Goadsby — who is with the University of California San Francisco Medical Center — is considered one of the world’s top experts on the subject of migraines, and when the American Headache Society convened for its annual convention Thursday in Washington, DC., he was the meeting’s scientific director.
The conference brought together the best minds in medicine to share research and ideas on headache and face pain. The 1,000 or so participants also reached out to Congress and the public to support research that they say is desperately needed and underfunded.
Goadsby puts the situation in stark financial terms. He says in the United States, the true cost of migraines to the economy — in the context of both health care and lost productivity — is somewhere around $20 billion a year. In contrast, the National Institutes of Health spends about $18 million annually on migraine research.
All this at a time when promising new treatments for these debilitating headaches appear to be just over the horizon.
During the American Headache Society convention, researchers reported on clinical trials on a totally new approach that involves blocking a chemical in the brain linked to migraines.
This is the first treatment specifically developed for migraine patients.
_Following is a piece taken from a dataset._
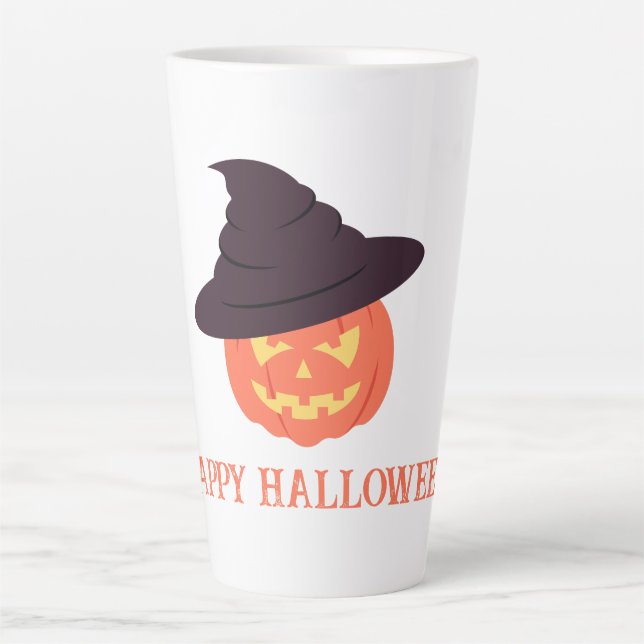 Tasse Latte Halloween rétro-orange Citrouille (Devant)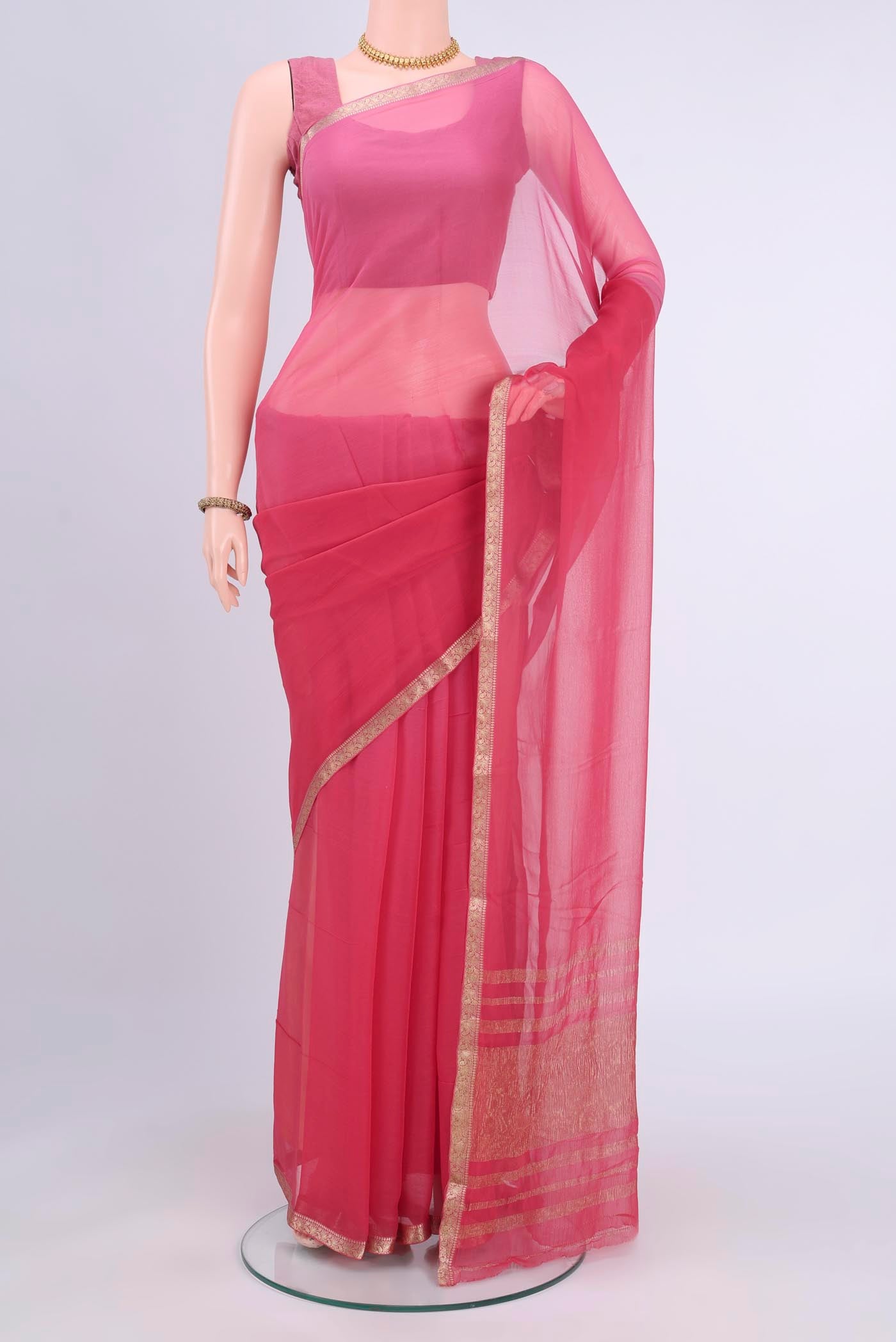 Imperial Pink Dual Tone Mysore Chiffon Saree with Plain Body and Zari Border displayed on a mannequin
All those currently in use were originally created to help people with other conditions, and questions have been raised about their effectiveness and the risk of side effects.
“It has been a long road, literally, thousands of years of people having migraine — and it’s about time we got something that actually treats the patient,” says Goadsby.
He is excited about the outlook for new treatments but stresses much more research is needed not just on medications, but on basic understanding of how migraines occur and exactly how they affects the human body.
“Migraine is headache plus a whole range of things that ruin life,” Goadsby explains, adding it is a huge problem that deserves attention.
Most people who get migraines, like Teri Robert — the Washington, West Virginia advocate and grandmother of nine — are women over 40. But at the convention, attention was also paid to another intriguing subset of patients — teenage boys who play contact sports.
Dr. Tad Seifert, a neurologist from Louisville, Kentucky, led a research team that looked at the prevalence of headaches in high school football players. The researchers followed about 80 boys from six local schools and what they found surprised them.
“We found that the prevalence of migraine in our sample was much higher than we expected to see,” says Seifert.
Between 16 to 18 percent of the general public gets migraines. But among the student athletes they sampled the number was 34 percent — almost double.
The researchers looked only at the prevalence of migraine, and did not search for a cause and effect. That, says Seifert, will have to wait for future studies.
Already, he is working on a task force on headaches for the NCAA and the results of a similar study on college football players is due out later this year.
It’s one of numerous studies now in the pipeline that is giving Peter Goadsby a sense of hope that he is trying to pass on to migraine patients.
Teri Robert senses that that hope, noting things are a lot better today than they were when she was a child and was offered only Tylenol and a quiet room to wait out her migraines. She walks around the convention halls, pushing for more awareness and more research, with a welcoming smile and the knowledge that her symptoms — thanks to a migraine treatment center far from her home — are under control.
But she has seen and felt a great deal, and it is a constant struggle to remain patient when she knows so much more has to be done.
“I now have four grandchildren with migraines,” she says. “And I am bound and determined things will be easier for them than they were for me.”